Extracted data entries:
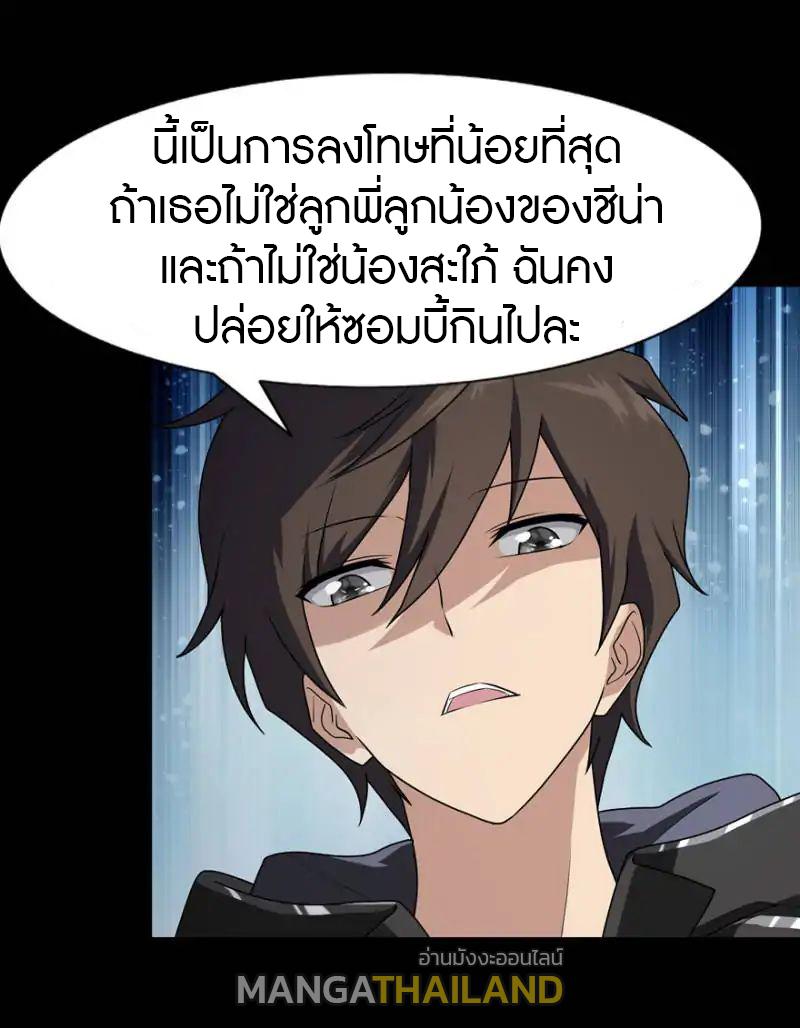 My Girlfriend is a Zombie ตอนที่ 39 แปลไทย รูปที่ 22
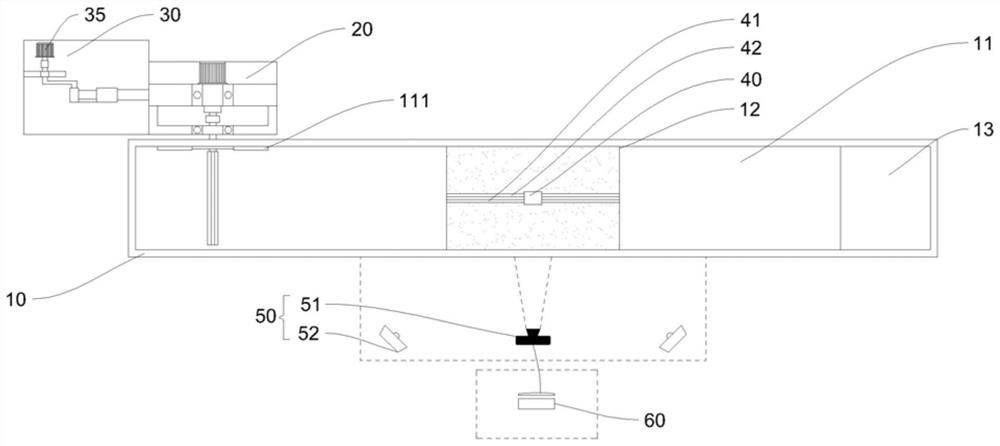 Wave-induced liquefied soil particle motion test device and test method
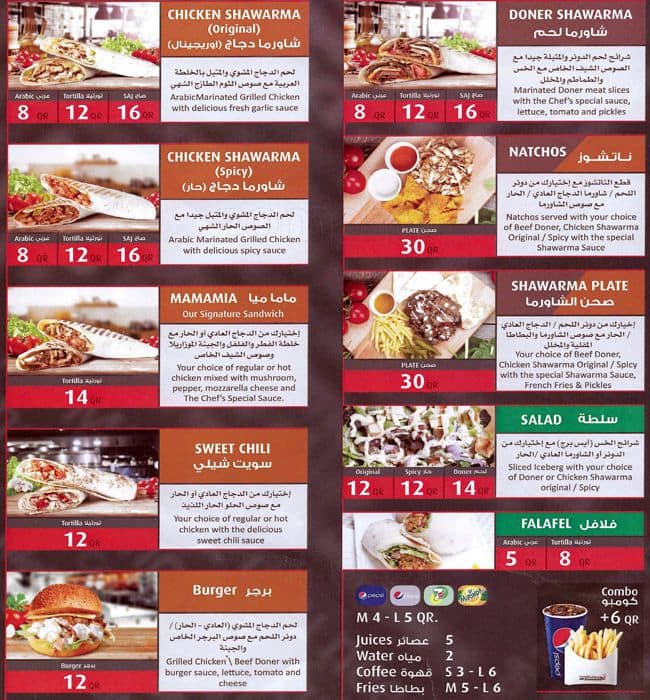 Mr. Shawarma Menu, Menu for Mr. Shawarma, Muaither, Doha Zomato Qatar
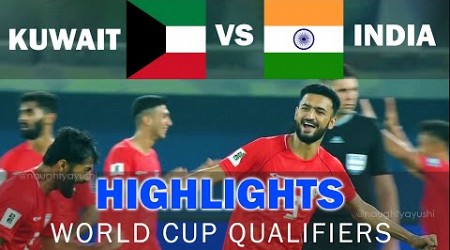 India Edges Kuwait 1-0 in Hard-Fought | FIFA world cup 2026 qualifiers | Match Highlights | LIVE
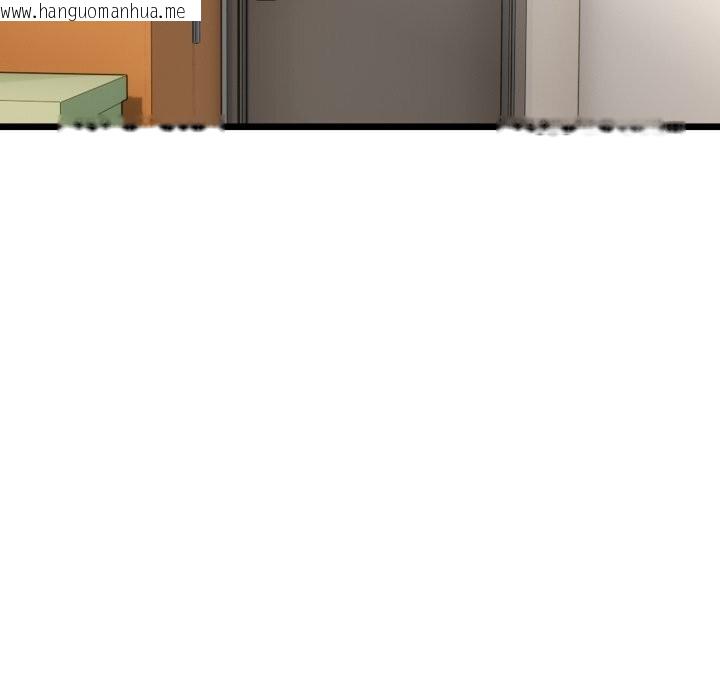 韩国漫画与初恋的意外同居韩漫_与初恋的意外同居-第19话在线免费阅读-韩国漫画-第74张图片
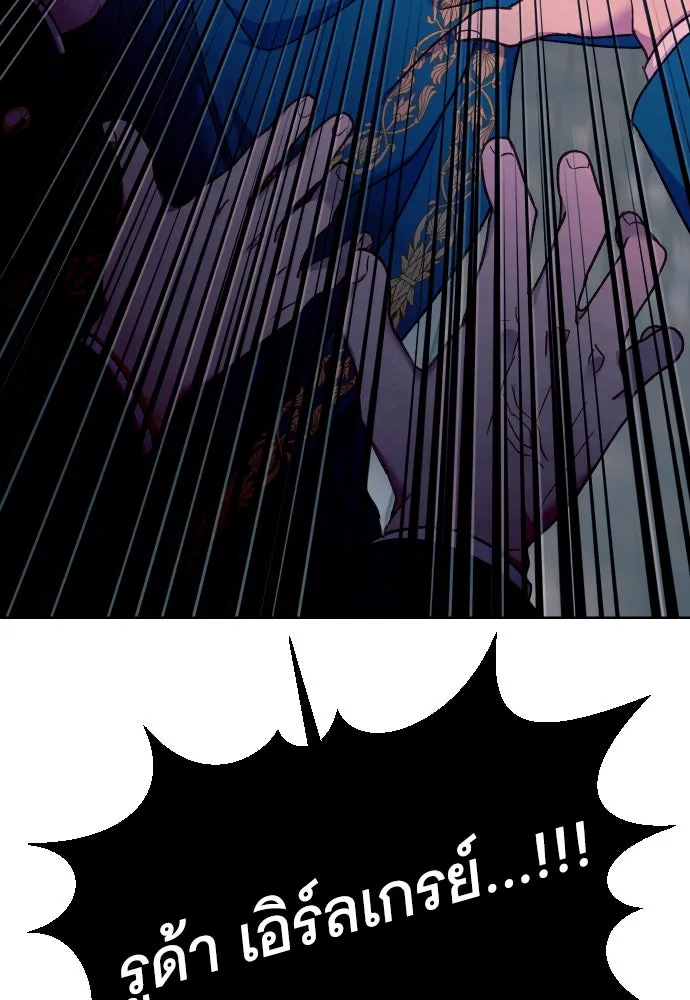 นักเล่นแร่แปรธาตุสายเปย์ ตอนที่ 18 รูปที่ 85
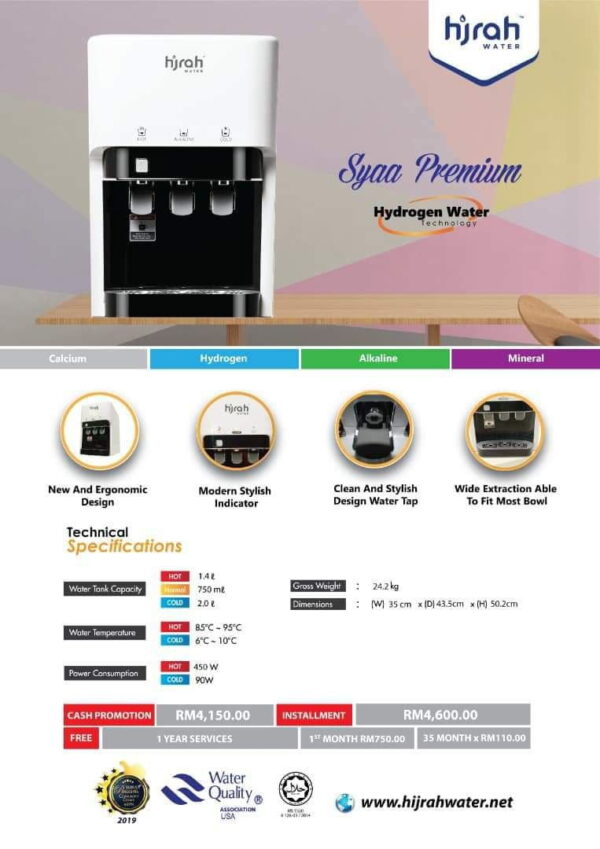 Syaa Premium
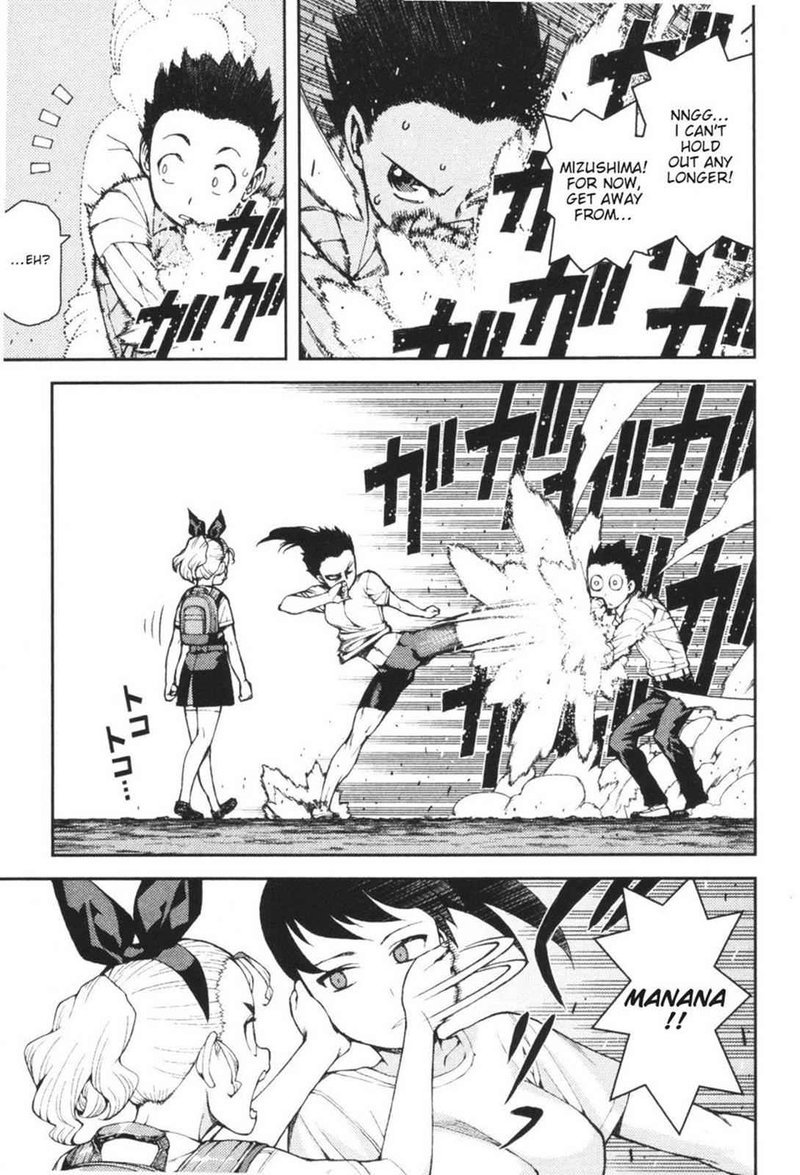 Tsugumomo Chapter 40 Page 16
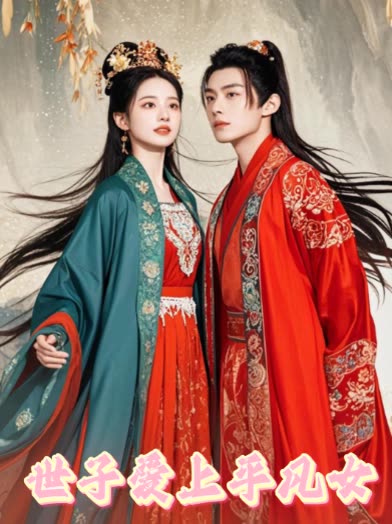 世子爱上平凡女封面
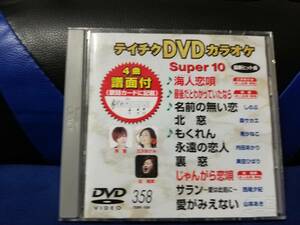 【DVDカラオケ】 テイチクDVDカラオケ 音多 スーパー10 　358　歌詞カード付　10曲入り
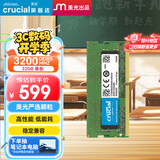 Crucial英睿达 32GB DDR4 3200频率 笔记本内存条 美光（原镁光）原厂颗粒 AI电脑配件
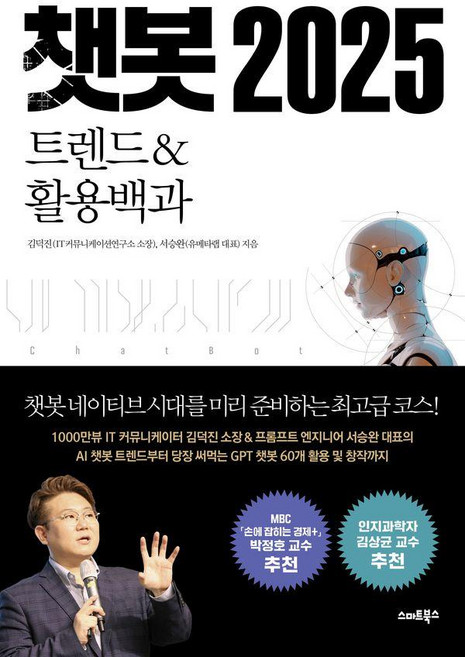 챗봇 2025 트렌드&활용백과, 스마트북스, 김덕진 서승완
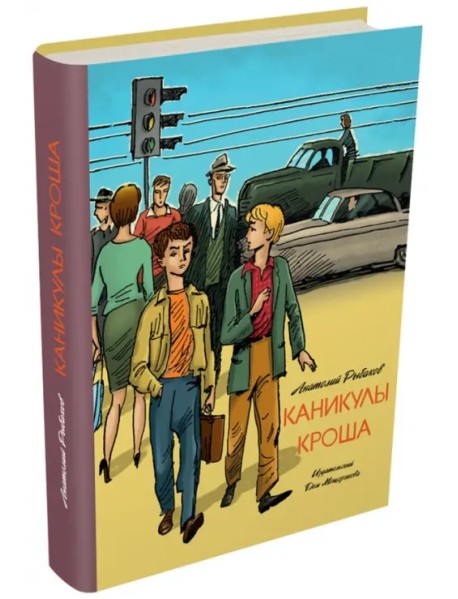 Каникулы Кроша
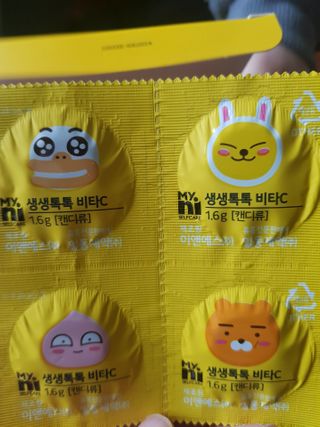 똑맘님이 올린 리뷰 사진 3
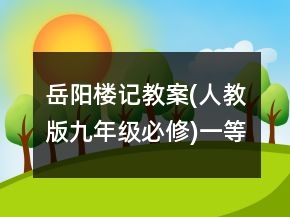 岳陽(yáng)樓記教案(人教版九年級(jí)必修)一等獎(jiǎng)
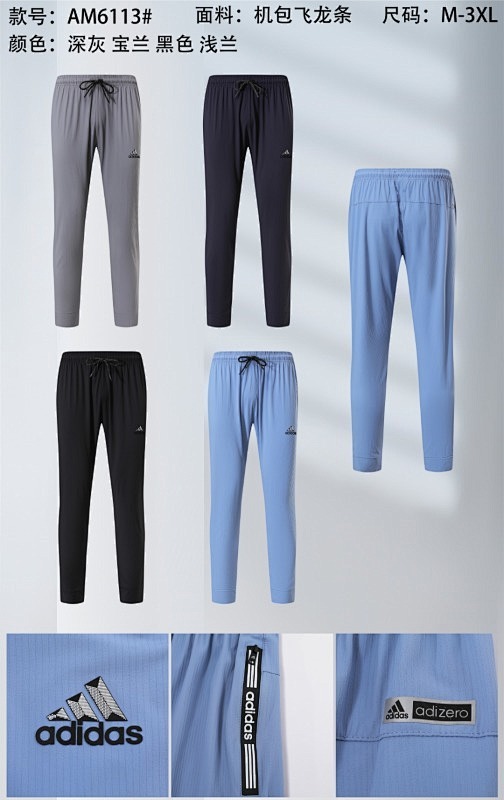 Adidas Pants 10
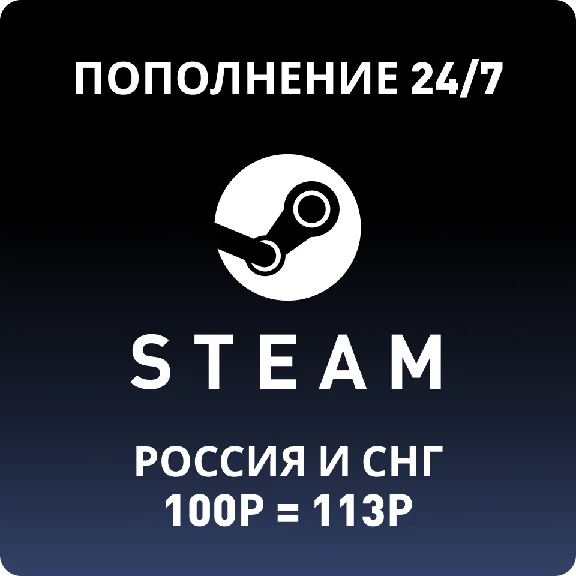 ⚡INSTANT TOP UP YOUR STEAM WALLET⚡RUSSIA AND CIS
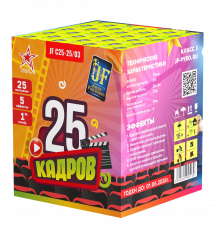 Фейерверк 25 залпов «25 кадров» Joker Fireworks JF C25-25/03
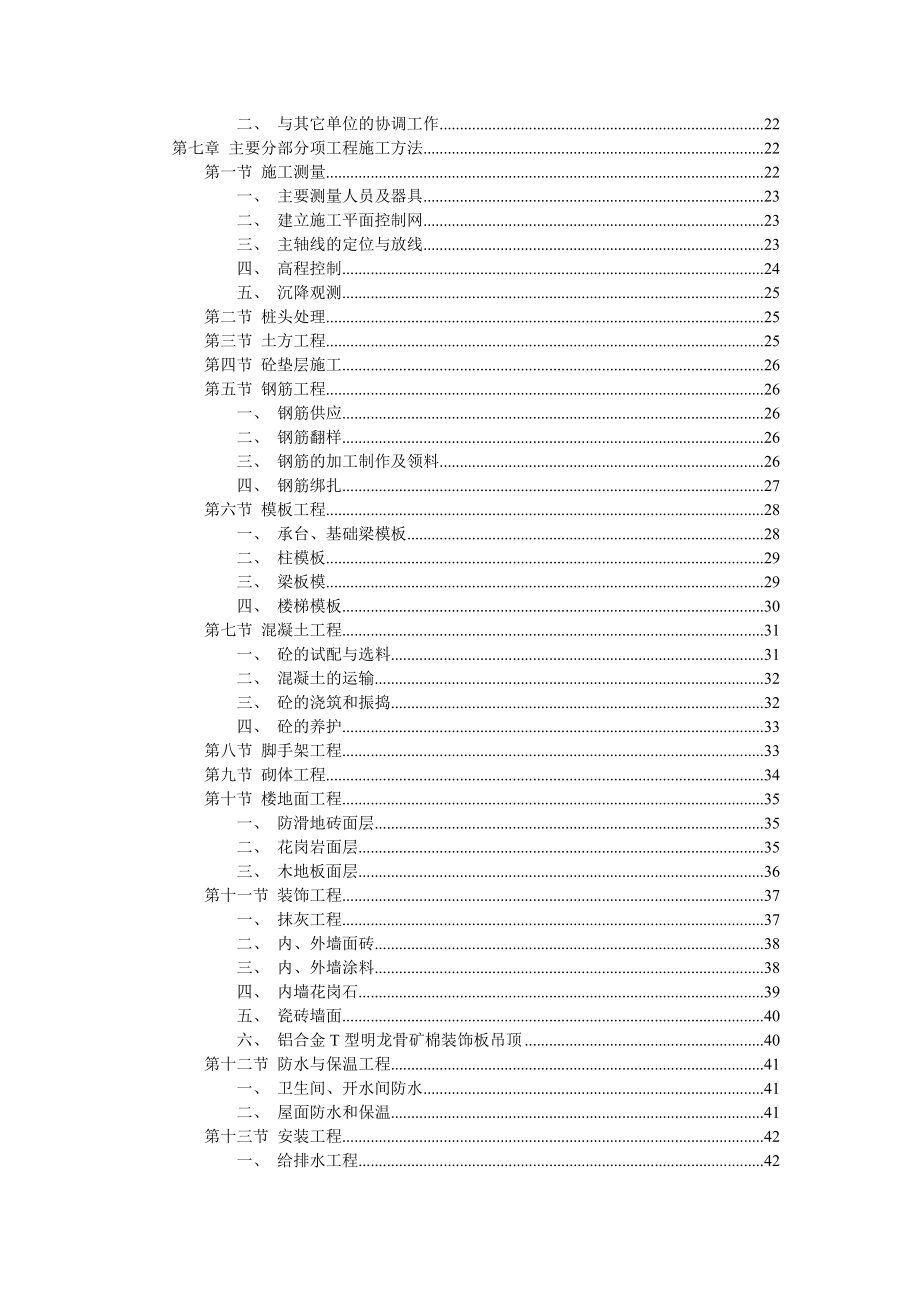 某医院某某分院综合楼工程施工组织设计（技术标）.doc_第2页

■ **Your instructions**:
Print every record above exactly, but no pictures.

■ **Answer section**:
 My Girlfriend is a Zombie ตอนที่ 39 แปลไทย รูปที่ 22
 Wave-induced liquefied soil particle motion test device and test method
 Mr. Shawarma Menu, Menu for Mr. Shawarma, Muaither, Doha Zomato Qatar
 India Edges Kuwait 1-0 in Hard-Fought | FIFA world cup 2026 qualifiers | Match Highlights | LIVE
 韩国漫画与初恋的意外同居韩漫_与初恋的意外同居-第19话在线免费阅读-韩国漫画-第74张图片
 นักเล่นแร่แปรธาตุสายเปย์ ตอนที่ 18 รูปที่ 85
 Syaa Premium
 Tsugumomo Chapter 40 Page 16
 世子爱上平凡女封面
 【DVDカラオケ】 テイチクDVDカラオケ 音多 スーパー10 　358　歌詞カード付　10曲入り
 Crucial英睿达 32GB DDR4 3200频率 笔记本内存条 美光（原镁光）原厂颗粒 AI电脑配件
 챗봇 2025 트렌드&활용백과, 스마트북스, 김덕진 서승완
 Каникулы Кроша
 똑맘님이 올린 리뷰 사진 3
 岳陽(yáng)樓記教案(人教版九年級(jí)必修)一等獎(jiǎng)
 Adidas Pants 10
 ⚡INSTANT TOP UP YOUR STEAM WALLET⚡RUSSIA AND CIS
 Фейерверк 25 залпов «25 кадров» Joker Fireworks JF C25-25/03
 某医院某某分院综合楼工程施工组织设计（技术标）.doc_第2页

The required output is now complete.